That article is from 2009, noting that CL had added the meta tag to posting
pages. So I think this is old news.

I think storborg has it right in <http://news.ycombinator.com/item?id=4353120>
when saying that "3taps seems to be claiming that Craigslist has cut off
Google, but I think it's just that Craigslist has cut off 3taps."

------
griffindy
am I the only one who uses craiggers? although I suppose they'll have to go
the way of the dodo soon enough now

------
sigmadelta
I just tried the following:

visited <http://sfbay.craigslist.org/bia/>

saw ad for "Burning Man Beach Cruiser Bicycle"
<http://sfbay.craigslist.org/eby/bik/3189652975.html>

performed the following search on google
[http://www.google.com/search?q=site%3Acraigslist.org+neon+gr...](http://www.google.com/search?q=site%3Acraigslist.org+neon+green+cruiser+bike&btnG=Search)
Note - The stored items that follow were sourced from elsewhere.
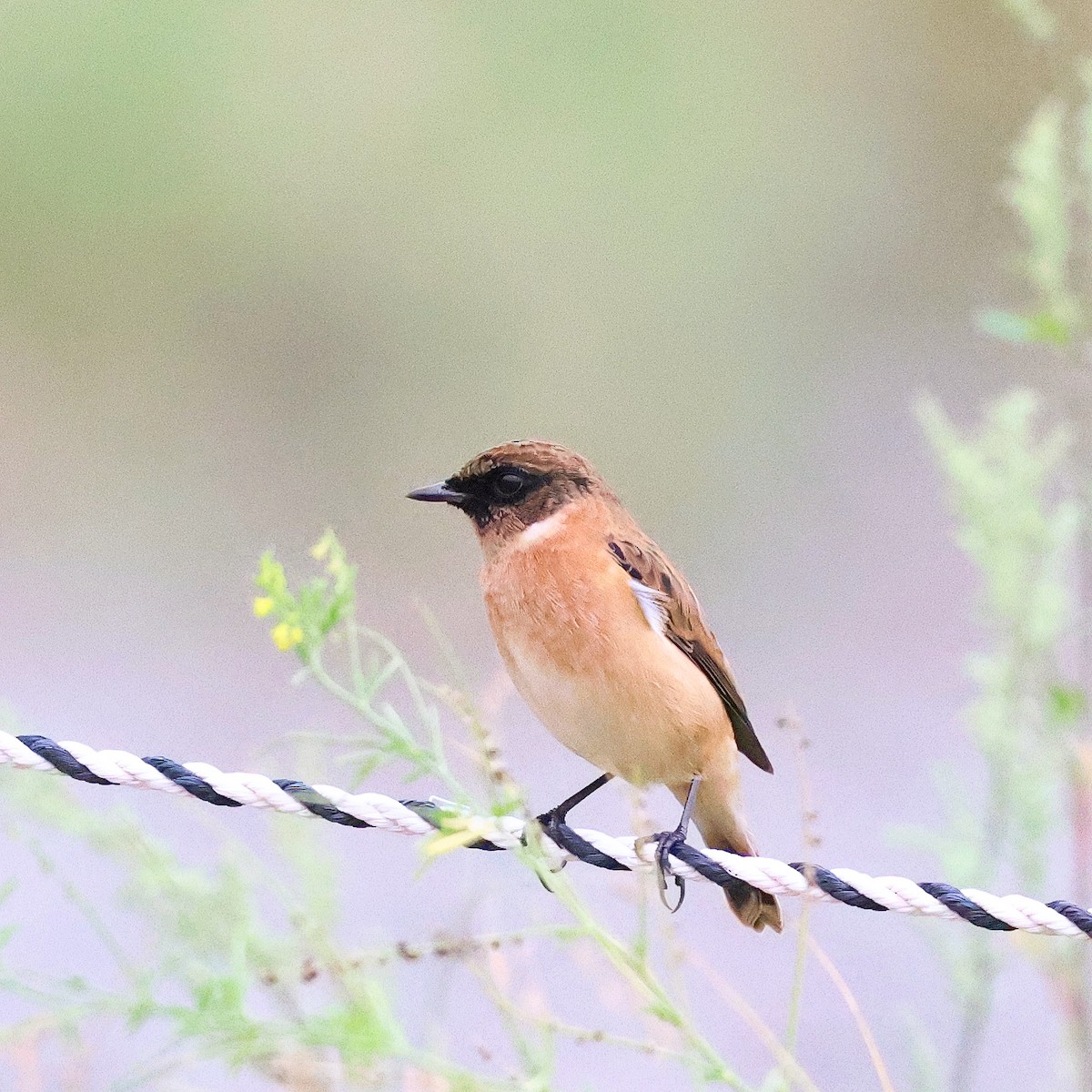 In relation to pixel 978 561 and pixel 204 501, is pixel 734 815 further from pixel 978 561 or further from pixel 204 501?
pixel 204 501

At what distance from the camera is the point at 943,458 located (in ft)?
8.93

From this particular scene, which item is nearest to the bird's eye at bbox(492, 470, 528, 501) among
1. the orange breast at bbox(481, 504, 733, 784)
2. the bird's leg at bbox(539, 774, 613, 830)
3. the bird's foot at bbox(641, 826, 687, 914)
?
the orange breast at bbox(481, 504, 733, 784)

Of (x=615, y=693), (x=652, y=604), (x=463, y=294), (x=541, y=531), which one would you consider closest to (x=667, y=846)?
(x=615, y=693)

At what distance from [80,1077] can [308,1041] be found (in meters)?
0.61

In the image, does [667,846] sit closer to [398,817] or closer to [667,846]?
[667,846]

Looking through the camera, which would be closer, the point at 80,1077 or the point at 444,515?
the point at 80,1077

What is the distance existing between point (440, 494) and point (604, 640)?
1.42 feet

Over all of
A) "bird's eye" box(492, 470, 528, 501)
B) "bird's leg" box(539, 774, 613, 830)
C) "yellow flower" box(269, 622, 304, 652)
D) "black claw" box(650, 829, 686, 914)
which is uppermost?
"bird's eye" box(492, 470, 528, 501)

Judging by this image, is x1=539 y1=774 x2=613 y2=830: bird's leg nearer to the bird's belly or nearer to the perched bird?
the perched bird

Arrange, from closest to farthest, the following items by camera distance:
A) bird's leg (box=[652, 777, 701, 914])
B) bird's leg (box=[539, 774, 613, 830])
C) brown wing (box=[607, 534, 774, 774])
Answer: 1. bird's leg (box=[652, 777, 701, 914])
2. brown wing (box=[607, 534, 774, 774])
3. bird's leg (box=[539, 774, 613, 830])

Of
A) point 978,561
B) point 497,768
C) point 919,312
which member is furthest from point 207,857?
point 919,312

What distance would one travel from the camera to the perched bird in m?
2.47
first result returned is that ad, with the following snippet: Burning Man
Beach Cruiser Bicycle sfbay.craigslist.org/eby/bik/3189652975.html 22 minutes
ago ... Neon Green cruiser bicycle, perfect for the playa, or cruising around
town. Single speed, great shape. Available nights and weekends.

\--

"22 minutes ago" sounds like Google is still actively crawling content from
craigslist to me.